しかし、ぼんやりと半覚醒の中に漂っているうちに、“何か”はぱったりと動かなくなった。
それまで、その“何か”を乗っけて眠っていたくせに、いまさら息苦しくなってきたような気がした彼女は目を開けた。
「・・・!!!」
――そりゃあ重いに決まってる。
比較的小柄とはいえ男一人、覆い被さっていたら・・・じゃなくて。
なんでこいつがオレの上で眠ってるんだ?
いや、“なんで”か、は分かる。
前後の記憶から推測して・・・推測なんてしなくても、今の自分の状態で、何があったのかは分かり過ぎるほどよく分かっている。

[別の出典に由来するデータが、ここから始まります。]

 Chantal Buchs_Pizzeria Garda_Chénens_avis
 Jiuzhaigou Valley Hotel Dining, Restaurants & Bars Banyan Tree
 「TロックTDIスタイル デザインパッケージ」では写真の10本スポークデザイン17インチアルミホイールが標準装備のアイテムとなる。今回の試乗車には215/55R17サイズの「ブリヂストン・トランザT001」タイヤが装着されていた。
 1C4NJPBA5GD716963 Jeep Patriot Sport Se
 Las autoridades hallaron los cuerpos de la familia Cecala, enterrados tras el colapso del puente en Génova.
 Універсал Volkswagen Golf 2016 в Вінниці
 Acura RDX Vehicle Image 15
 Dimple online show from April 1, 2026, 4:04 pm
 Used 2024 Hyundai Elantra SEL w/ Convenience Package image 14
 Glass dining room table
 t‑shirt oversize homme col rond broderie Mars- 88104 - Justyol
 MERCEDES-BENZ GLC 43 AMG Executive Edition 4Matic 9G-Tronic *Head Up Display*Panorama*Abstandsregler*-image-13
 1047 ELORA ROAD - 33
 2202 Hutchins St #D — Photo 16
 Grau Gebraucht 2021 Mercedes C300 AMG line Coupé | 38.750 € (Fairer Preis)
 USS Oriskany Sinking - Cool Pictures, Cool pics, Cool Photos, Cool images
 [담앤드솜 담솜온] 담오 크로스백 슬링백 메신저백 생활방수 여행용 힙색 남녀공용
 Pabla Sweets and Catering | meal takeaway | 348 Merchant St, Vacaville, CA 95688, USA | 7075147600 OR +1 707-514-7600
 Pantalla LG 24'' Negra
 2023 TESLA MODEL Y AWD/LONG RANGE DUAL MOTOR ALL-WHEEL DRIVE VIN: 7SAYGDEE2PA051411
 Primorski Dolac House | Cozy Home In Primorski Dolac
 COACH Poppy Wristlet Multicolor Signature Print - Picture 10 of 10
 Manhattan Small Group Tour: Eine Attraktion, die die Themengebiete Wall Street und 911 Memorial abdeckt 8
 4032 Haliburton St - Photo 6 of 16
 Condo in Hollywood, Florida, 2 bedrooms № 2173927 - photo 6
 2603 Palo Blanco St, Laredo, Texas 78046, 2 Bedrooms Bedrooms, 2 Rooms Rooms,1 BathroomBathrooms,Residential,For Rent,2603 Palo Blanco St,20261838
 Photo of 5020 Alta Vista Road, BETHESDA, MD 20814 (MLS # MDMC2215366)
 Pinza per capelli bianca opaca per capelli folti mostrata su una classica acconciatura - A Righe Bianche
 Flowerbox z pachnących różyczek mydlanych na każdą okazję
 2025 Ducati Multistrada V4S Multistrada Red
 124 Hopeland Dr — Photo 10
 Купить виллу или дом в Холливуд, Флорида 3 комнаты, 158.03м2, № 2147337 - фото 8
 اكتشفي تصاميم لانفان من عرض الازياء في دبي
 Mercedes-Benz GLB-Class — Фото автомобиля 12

ただ、“前”“後”の、“あいだ”の記憶がないだけだ。
頭が痛む。
躯は瞼を閉じた。
――あの時、グラスを一気に空にしたこいつは、オレを見て、途端に顔色を悪くした・・・。

「いい加減にしろ、お前・・・!」
躯が、テーブルから取り上げたグラスを、飛影は奪い取った。
「帰れよ。もう、こんな所で酒なんか」
「じゃあ、それ、お前が飲むんだな?」
躯はシニカルに唇を歪める。
「なあ。」
飛影が、躯を睨みつけた。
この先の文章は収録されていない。